## Exercise objective:
Everything in the listing must be repeated exactly, apart from the images.

## Data below:
•••••

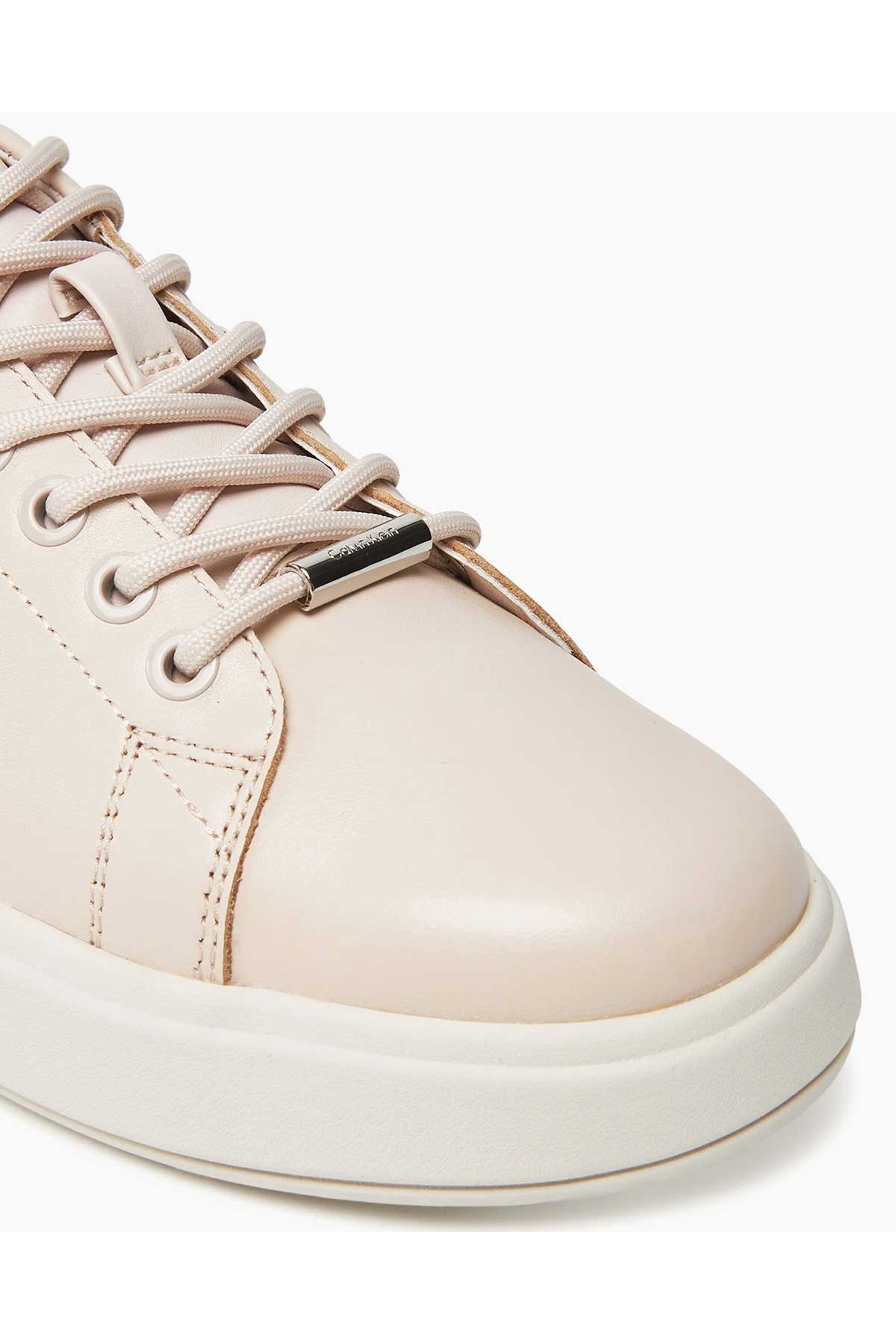 Yükselen Tabanlı Süet Detaylı Kadın Sneaker - Görsel 7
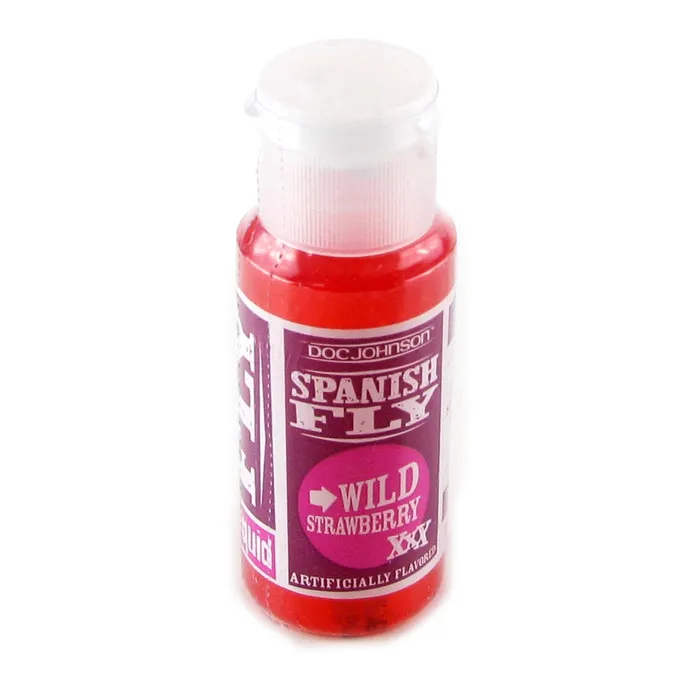 Spanish Fly Sex Liquid 1oz in Strawberry Doc Johnson Female Sex Toys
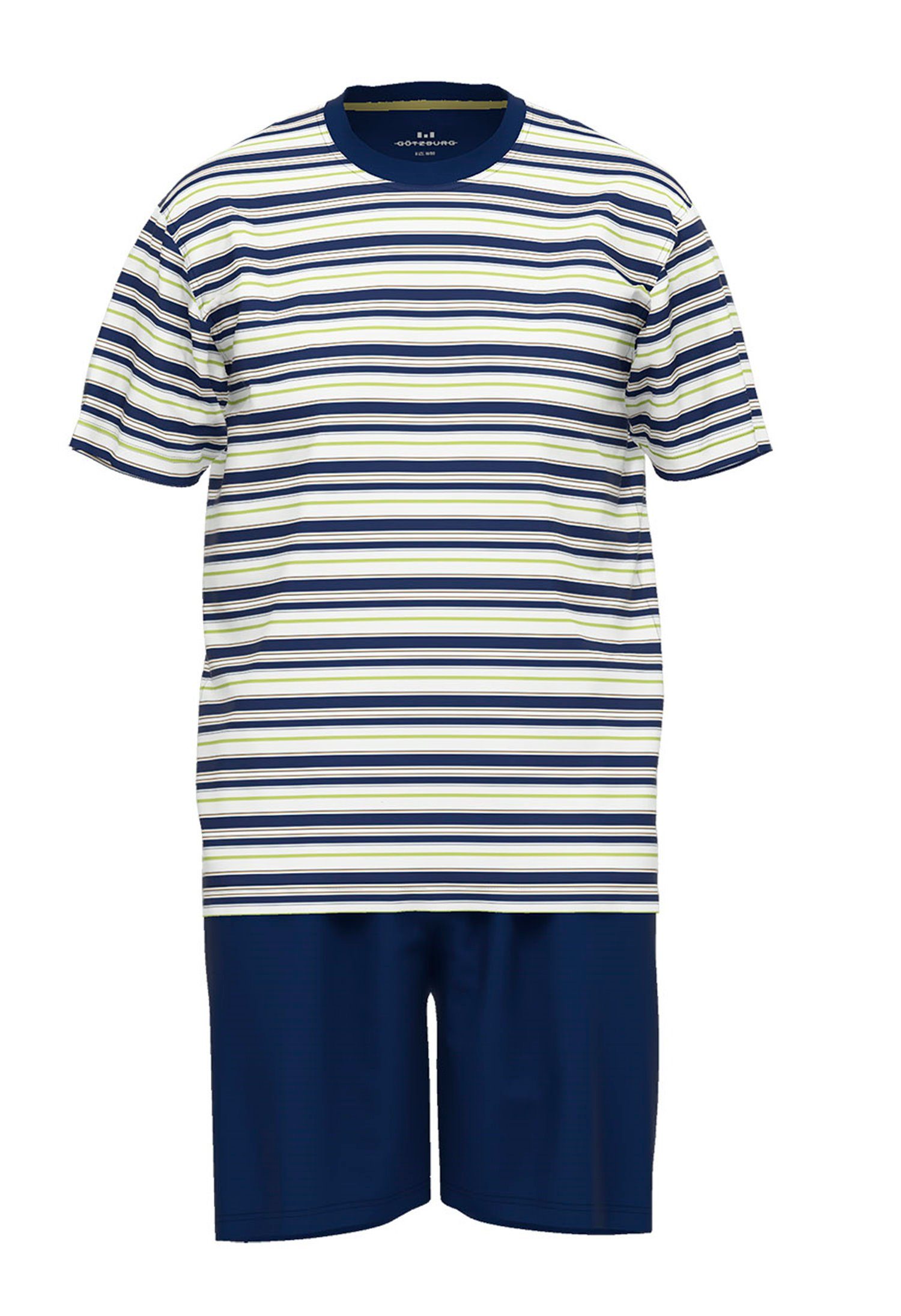 Pyjama Herren Sommer 2-teilig – Kurzarm-Shirt & Shorts, Atmungsaktiv, Weich, Bequem Als Lounge- & Schlafanzug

•••••

## Task answer:
 Yükselen Tabanlı Süet Detaylı Kadın Sneaker - Görsel 7
 Spanish Fly Sex Liquid 1oz in Strawberry Doc Johnson Female Sex Toys
 Pyjama Herren Sommer 2-teilig – Kurzarm-Shirt & Shorts, Atmungsaktiv, Weich, Bequem Als Lounge- & Schlafanzug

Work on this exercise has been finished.